Once the line containing "Now you can" is found in the entries below, reproduce it and every line after it, stopping at and including the line containing "Hey, what's up, everybody?"; reproduce nothing else, and keep each line exact.

━━━━━ Data provided ━━━━━

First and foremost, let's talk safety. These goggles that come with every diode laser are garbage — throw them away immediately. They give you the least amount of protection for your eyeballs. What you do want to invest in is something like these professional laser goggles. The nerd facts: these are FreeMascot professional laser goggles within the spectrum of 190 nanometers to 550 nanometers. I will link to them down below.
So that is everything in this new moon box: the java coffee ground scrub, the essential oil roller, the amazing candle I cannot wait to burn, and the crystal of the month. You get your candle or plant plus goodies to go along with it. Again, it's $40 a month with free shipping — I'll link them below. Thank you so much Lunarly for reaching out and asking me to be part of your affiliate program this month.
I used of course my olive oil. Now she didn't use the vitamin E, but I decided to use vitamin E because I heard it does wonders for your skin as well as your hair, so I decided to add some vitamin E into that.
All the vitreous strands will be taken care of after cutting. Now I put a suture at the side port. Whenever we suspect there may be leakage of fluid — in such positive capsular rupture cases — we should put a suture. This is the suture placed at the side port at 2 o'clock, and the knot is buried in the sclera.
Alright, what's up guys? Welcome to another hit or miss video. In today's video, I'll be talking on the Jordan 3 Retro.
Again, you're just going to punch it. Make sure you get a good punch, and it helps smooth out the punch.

━━━━━
━━━━━ Data provided ━━━━━

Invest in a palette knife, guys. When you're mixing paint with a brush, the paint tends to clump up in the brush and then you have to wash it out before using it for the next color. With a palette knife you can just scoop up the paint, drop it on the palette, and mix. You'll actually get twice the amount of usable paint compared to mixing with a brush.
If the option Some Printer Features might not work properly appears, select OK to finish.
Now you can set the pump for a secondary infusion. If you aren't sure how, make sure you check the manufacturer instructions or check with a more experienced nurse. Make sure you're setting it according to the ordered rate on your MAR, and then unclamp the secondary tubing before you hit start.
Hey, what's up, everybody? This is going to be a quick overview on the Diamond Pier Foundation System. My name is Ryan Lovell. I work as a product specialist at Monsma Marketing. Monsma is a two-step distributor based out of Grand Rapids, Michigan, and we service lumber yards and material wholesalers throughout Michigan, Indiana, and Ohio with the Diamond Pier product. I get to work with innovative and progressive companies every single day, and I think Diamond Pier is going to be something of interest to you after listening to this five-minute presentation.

━━━━━

(Your response)
Now you can set the pump for a secondary infusion. If you aren't sure how, make sure you check the manufacturer instructions or check with a more experienced nurse. Make sure you're setting it according to the ordered rate on your MAR, and then unclamp the secondary tubing before you hit start.
Hey, what's up, everybody? This is going to be a quick overview on the Diamond Pier Foundation System. My name is Ryan Lovell. I work as a product specialist at Monsma Marketing. Monsma is a two-step distributor based out of Grand Rapids, Michigan, and we service lumber yards and material wholesalers throughout Michigan, Indiana, and Ohio with the Diamond Pier product. I get to work with innovative and progressive companies every single day, and I think Diamond Pier is going to be something of interest to you after listening to this five-minute presentation.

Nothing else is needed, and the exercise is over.